When W asked if I was ready for a whooping..... I hesitated - not quite sure how to bring it up....... Finally I just blurted out that I wanted needles - that he had done needles on k last weekend...... and I missed needles - let's do needles !!!
So in no time flat the needle kit was on the table - I was lying on the floor on my snuggly blanket with pillows ......... ready for the first prick of the first needle.
Truthfully I didn't even feel the first one go in.......... BUT the second one...... OH DEAR GOD IN HEAVEN !!!!! I felt that one........... felt it going through the first hole and coming out the second......... even felt it while W was getting ready to put the next one in. And the next one hurt like hell too.......... and I tried everything to deal with it.. kept moaning to myself quietly that I as a f**king masochist - this should be MY thing.......... didn't help. By the time the 3rd needle was in ....... I was a blubbering mess of tears.
W said "want me to take them out??" and I could barely answer him for the crying. Even after the 3 stupid needles were out I was still blubbering..... sobbing........ body shaking sobbing.
W kept murmuring soft reassuring words "I had been sick ...... it was ok.... my body was weak and tired" on and on like a mantra - soft reassuring words - all the while he was stroking my back and my body - letting the storm run it's course - letting me know I hadn't done anything wrong.
Once I had composed myself - some - and we had talked over what went wrong....... I asked in this quiet little frightened voice if we could try the new dragon's tongue toy. W obliged almost immediately!! He had me stay on the floor snuggled on top of my wooly blanket with pillows under my head...I was still snuffling like a big Mr Snuffleupagist - when the first lash from the dragon's tongue struck. I realized W was going very slow and very easy on me. He even muted the television so that there were no distractions........
Slow easy strokes from the dragon's tongue......... my body started to relax and move with the strokes....... the muscles started to unclench and my mind went in search of my fairies.....
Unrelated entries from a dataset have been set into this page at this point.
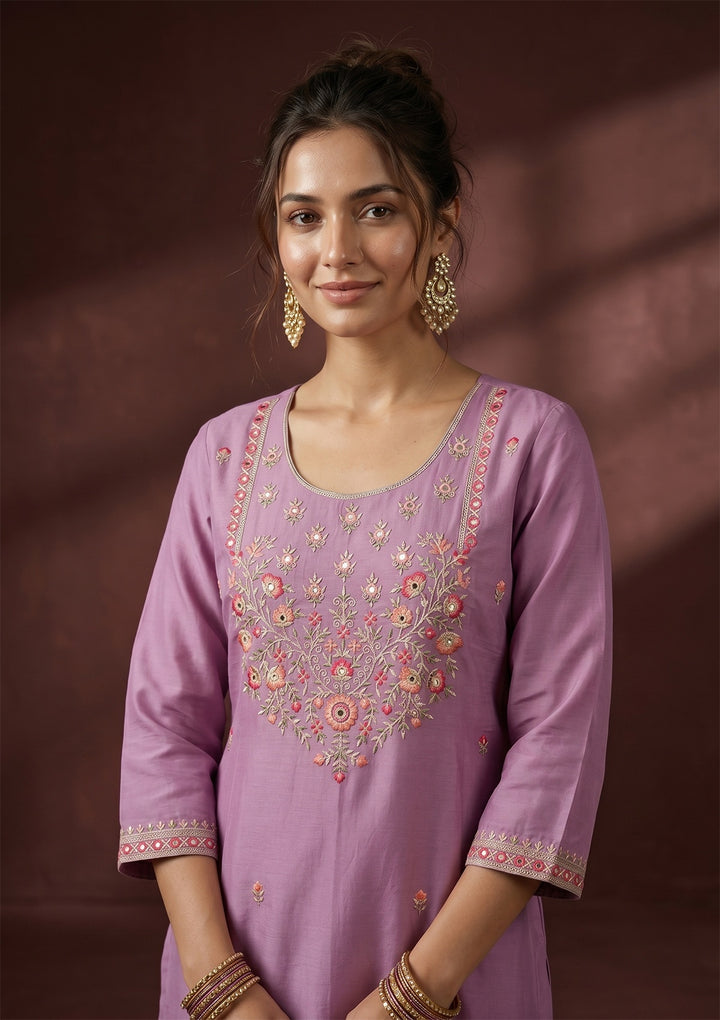 Lavender Threadwork Art Silk Readymade Salwar Suit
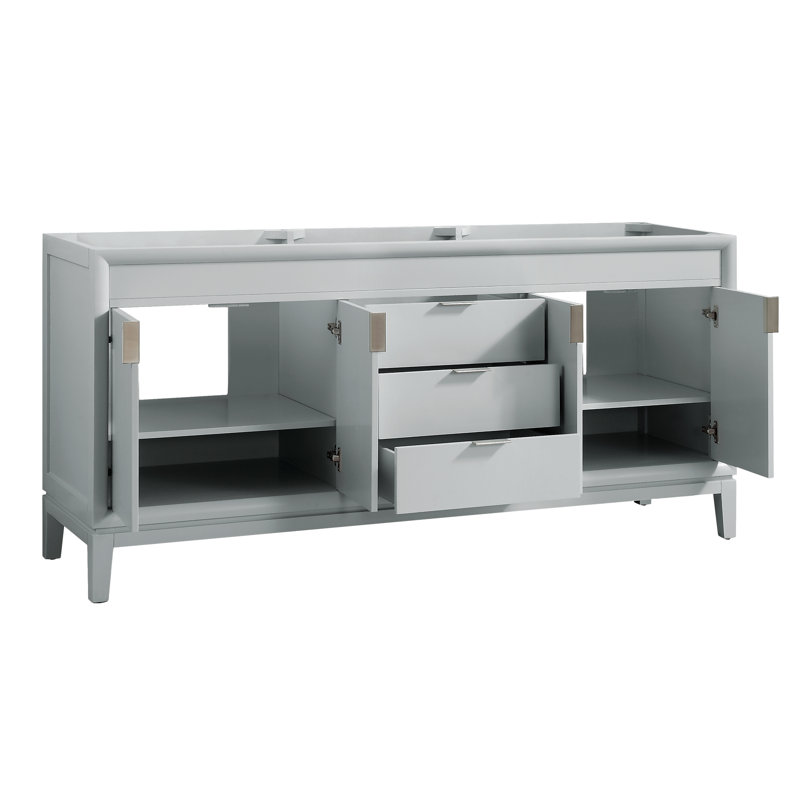 Ensemble de meuble-lavabo double 73 po Emma, Marbre blanc de Cala, Gris colombe
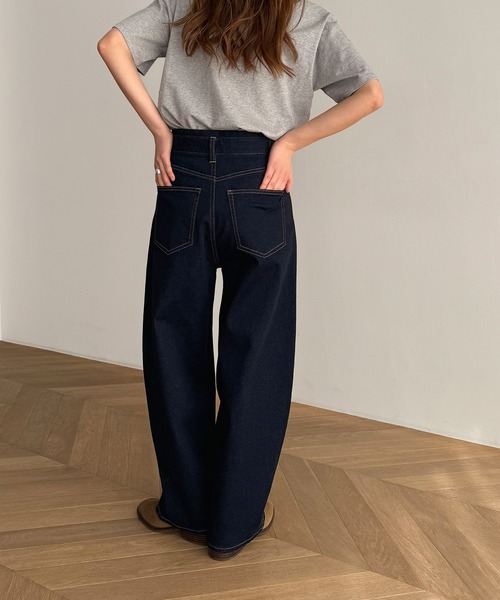 CANAL JEAN(キャナルジーン)の「ハイウエストワイドカーブデニム(デニムパンツ・レディース・ネイビー・マルチサイズ)」の16枚目の写真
Then W ratcheted it up a bit........ and I was back to white knuckling the pillows - thinking I couldn't do this........ but then W would ratchet it down some.... and the body would relax...... up and down went the intensity - until - it all felt good...... and my mind went to that place where my 4 year old lives........ and all was right with the world. Though my 4 year old told W that I didn't like the dragon's tongue at all!! (small stamp of foot ) and it had a nasty lil knot on the end... and it hurt... and (pout pout pout) I didn't like it all... and W said in his soft quiet voice "so you are telling me you want more??" and the lil 4 year old said "yes" and so it all started over again.................
That is until W was pushing my legs apart and kneeling between them and I felt his hands playing with me - finding my wetness - encouraging it.......... and then........... well then I was lying in puddle - feeling my cum spurting out of me...... ughhhhhhhh I hate that feeling....... well no I don't actually hate it..... let's just say it is a love/hate thing..... This aptitude I have for soaking through everything - is one of the reasons that most of our play - at home - involves huge thick towels - or big snuggly blankets .....
And I realized that in a moment - with the right handling - emotions can change from tears to smiles ............. And the whole evening of play was declared a success !!